Your assignment: Extract the whole listing as it stands. Do not include the pictures.

Source data:
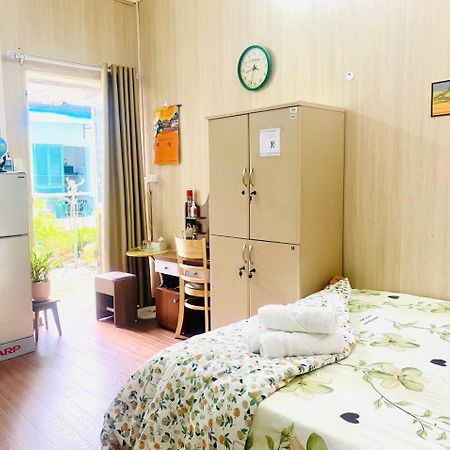 Cozy Homestay With Large Bed, Private Bathroom, Large Balcony ハノイ市 エクステリア 写真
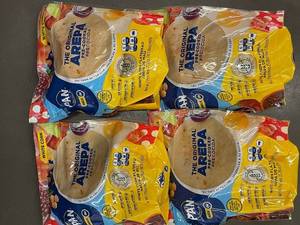 lot 89 image: K - PAN The Original Arepa White Corn Flatbread Arepa de Maiz 660g - 4-Pack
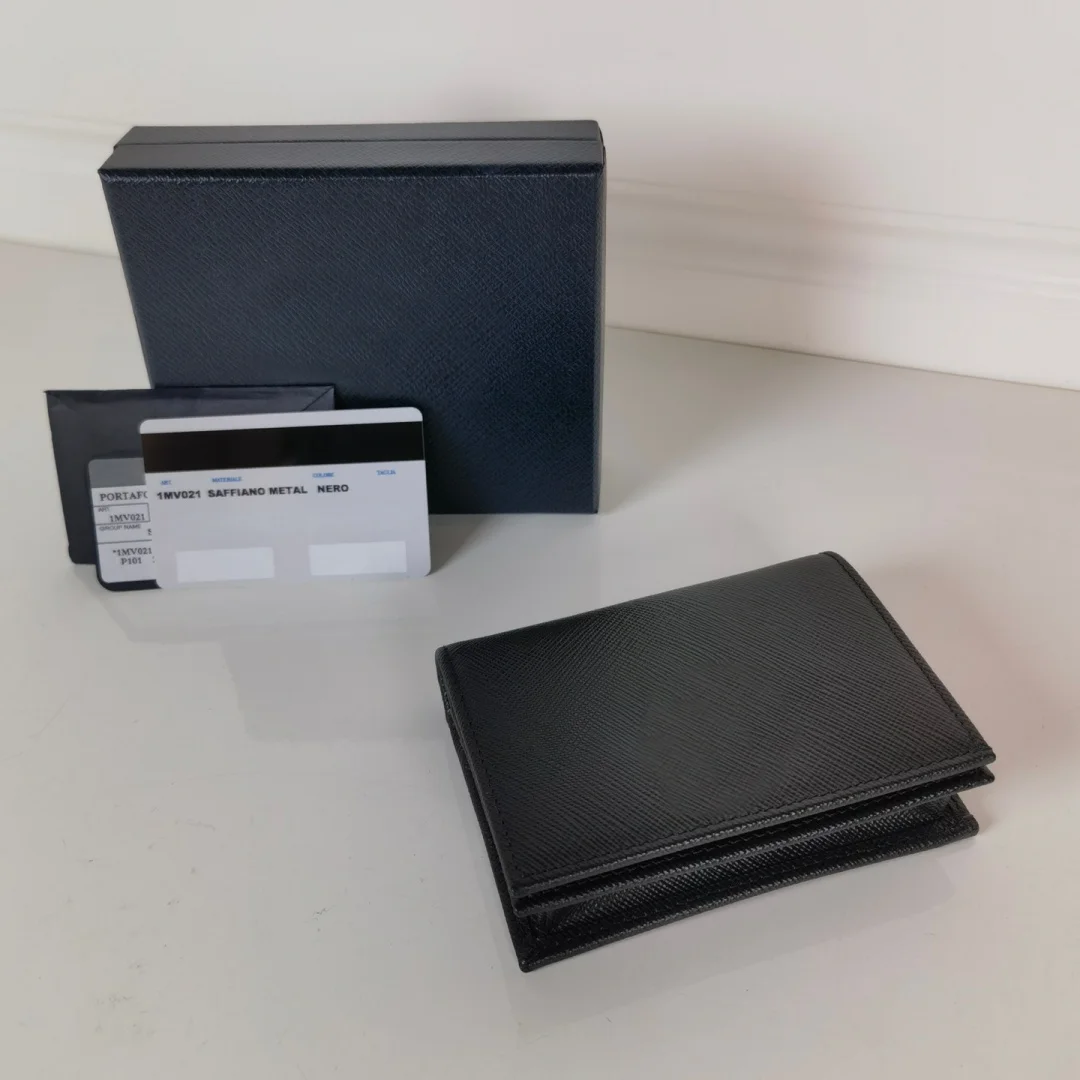 

Luxury Brand Unisex Compact Wallet Meticulously Crafted From Premium Calfskin Card Holder Luxurious Gift 1MV021 Simple Elegant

Result of the task:
 Cozy Homestay With Large Bed, Private Bathroom, Large Balcony ハノイ市 エクステリア 写真
 lot 89 image: K - PAN The Original Arepa White Corn Flatbread Arepa de Maiz 660g - 4-Pack

Luxury Brand Unisex Compact Wallet Meticulously Crafted From Premium Calfskin Card Holder Luxurious Gift 1MV021 Simple Elegant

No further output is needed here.